40 Posted 20/07/2020 at 17:49:32
Alexs goal against Spurs was scored from a corner taken by Roy Vernon from the corner of Gladwys St and Goodison Rd!
41 Posted 20/07/2020 at 21:41:49
Alex's goal against Spurs was scored from a corner taken by Roy Vernon from the Goodison Road and Gwladys St junction by the church.
At least, that's how my memory replays it.
42 Posted 21/07/2020 at 15:48:41
My Mother and Father (may they rest in peace) were always under the impression that it was because it was the name of my eldest brother.
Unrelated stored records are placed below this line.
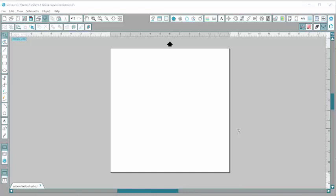Hey guys, it's Jessica with Expressions Vinyl and today I want to show you how to draw a text box in your Silhouette Studio software.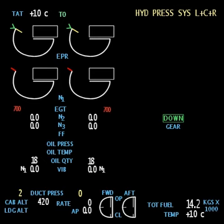EICAS typically includes instrumentation of various engine parameters, including for example revolutions per minute, temperature values, fuel flow and quantity, oil pressure, etc.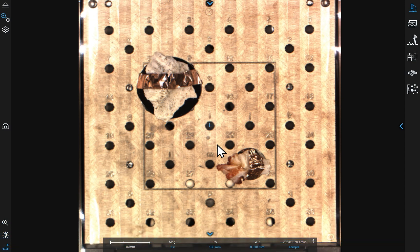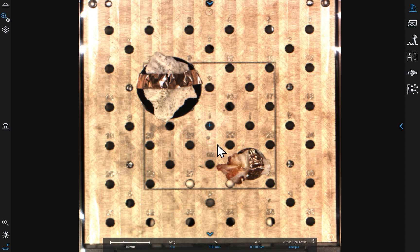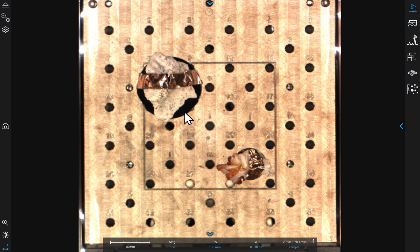The optical camera shows the sample stage, which you can use to navigate and choose a location. When you've selected a region on your sample with the blue crosshair, simply click the Move to SEM button in the top left corner.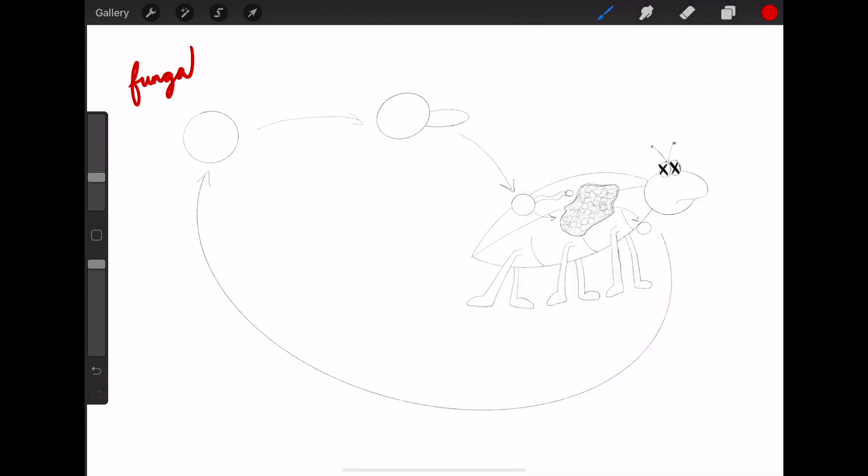Then, the fungus grows outwards, emerges from the dead insect, and produces more spores that can continue the infection cycle.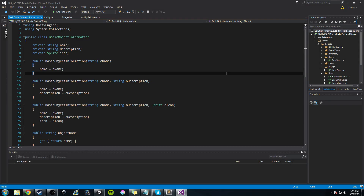Hey guys, Hardly Brief Dan here with another episode of the Unity Make an RPG series. Today we're going to continue working on the ability system. I'm going to do a brief overview of what we worked on last time, and then we'll jump right into coding the ranged ability behavior where we left off.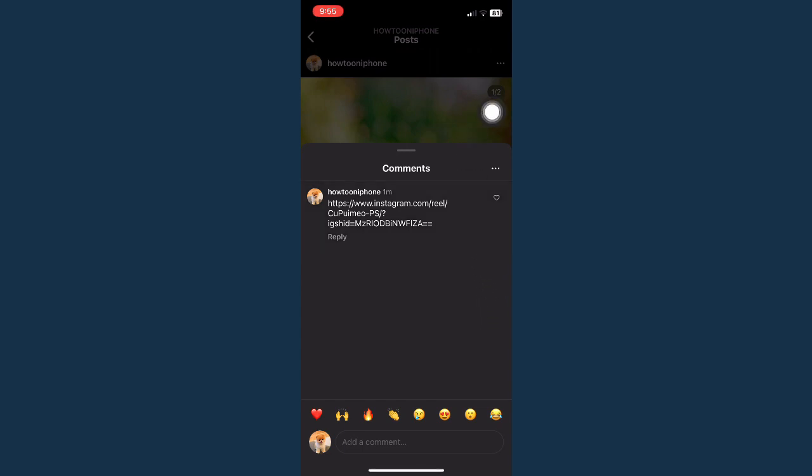Basically, for iPhone users, we have the advantage to copy the link or text from a picture.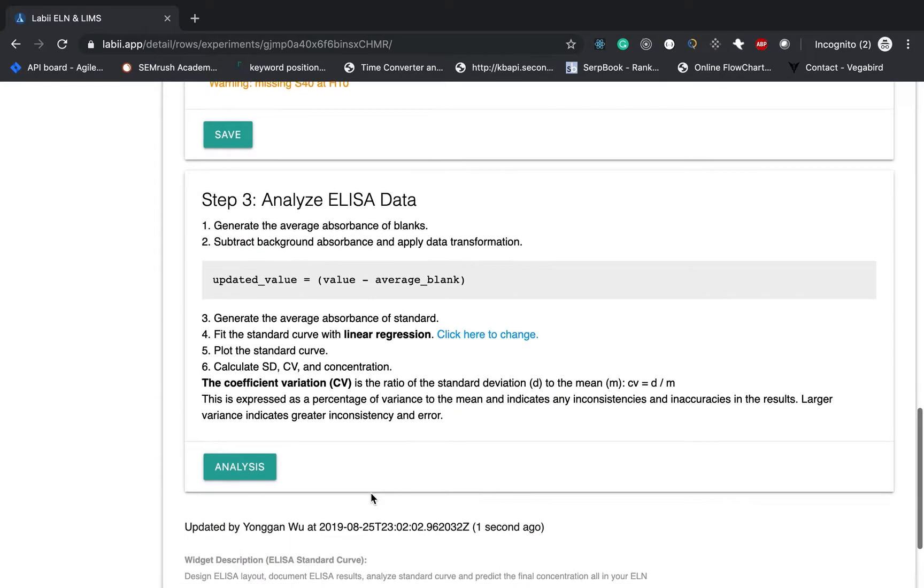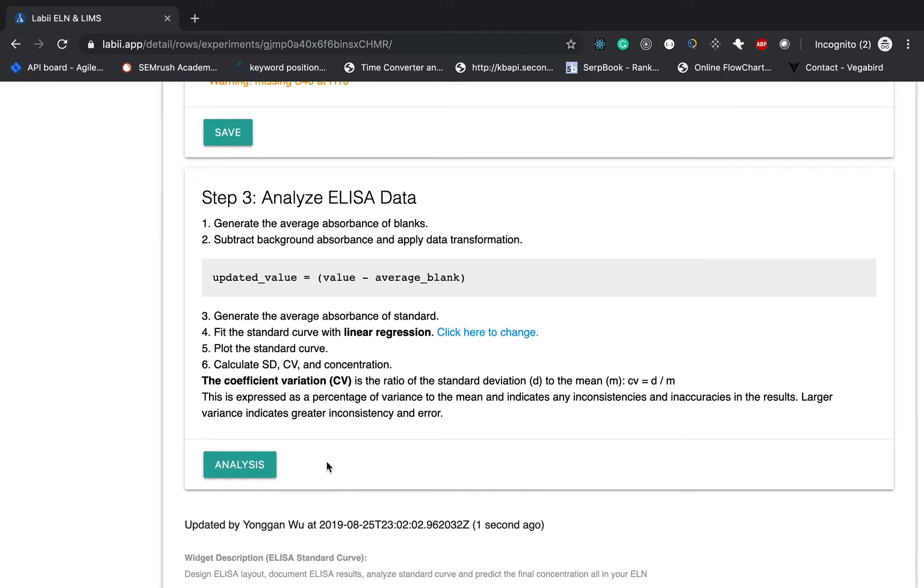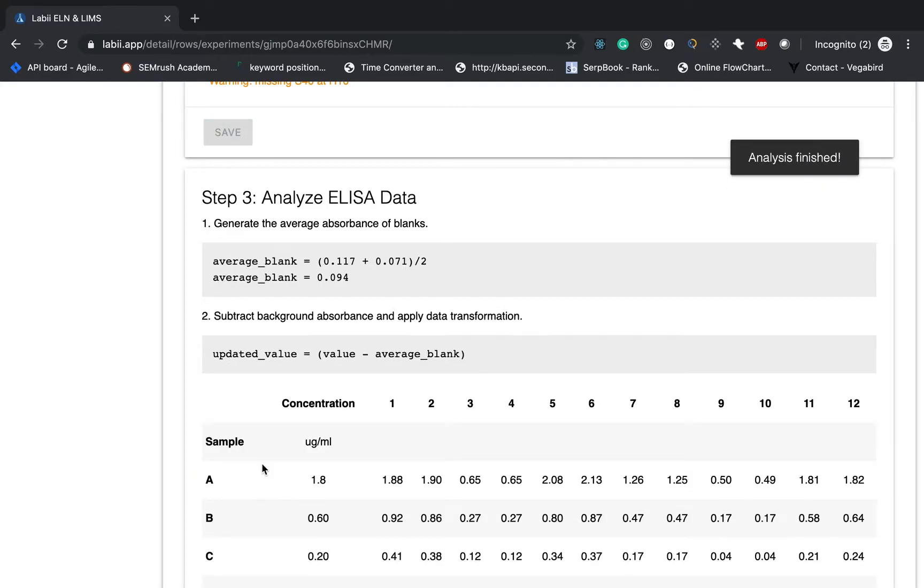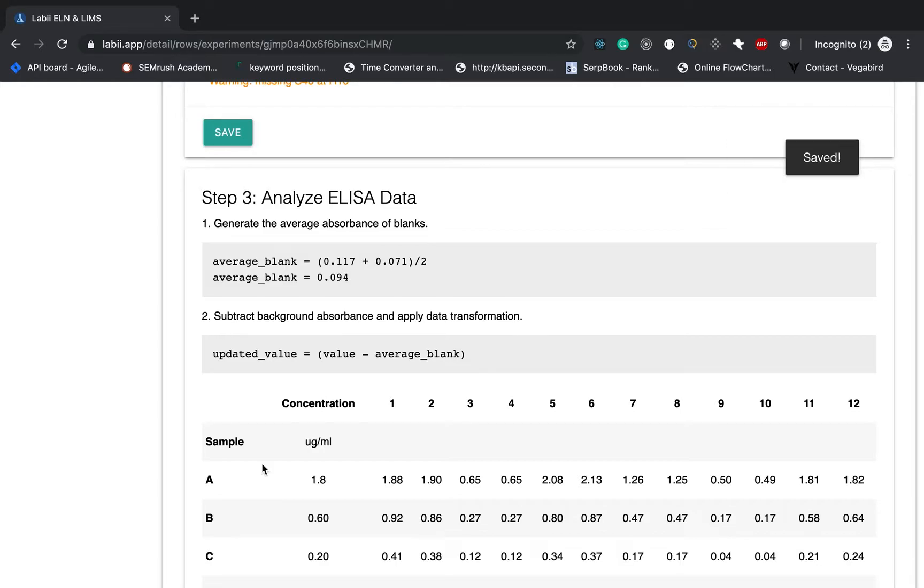And then the last step is perform data analysis. It's as simple as click the analysis button. I will just click this button. The analysis should be done in one or two seconds. And the final result is being saved.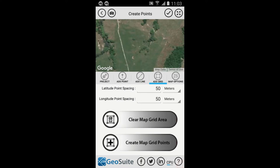To create a grid of points, select the Add Grid tab. Set the Latitude and Longitude grid spacing in the provided fields; the spacing can be in meters or feet. The interactive map must then be used to define the area the grid of points is to be created within. To do this, tap the map on the area boundary locations in a clockwise direction, starting with the upper left-hand point of the area of interest.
Sadly I never, ever, told them the truth – I actually chose that name because of my hero Alex Young!!!!!
43 Posted 21/07/2020 at 18:55:34
No, I'm sorry. Definitely not. Vernon was out on the left wing position and curled a lovely ball in from a cross. You used to be able to see the goal on the ITV website until a couple of years ago but it's disappeared now so I can't prove it but it really was a cross from quite deep.
Never mind. We can agree to differ.
It might not have been the greatest goal Everton have scored but it's always been my favorite and I had the great pleasure of meeting Alex at his testimonial and telling him so. What a great player and a lovely man.
44 Posted 22/07/2020 at 05:43:34
The fact it comes from the left not the right would eliminate Alex Scott. For me, it was the greatest moment of my life as an 11-year-old. Thanks, guys. COYB
45 Posted 22/07/2020 at 07:51:32
My dad always said that Tommy Lawton was a great player.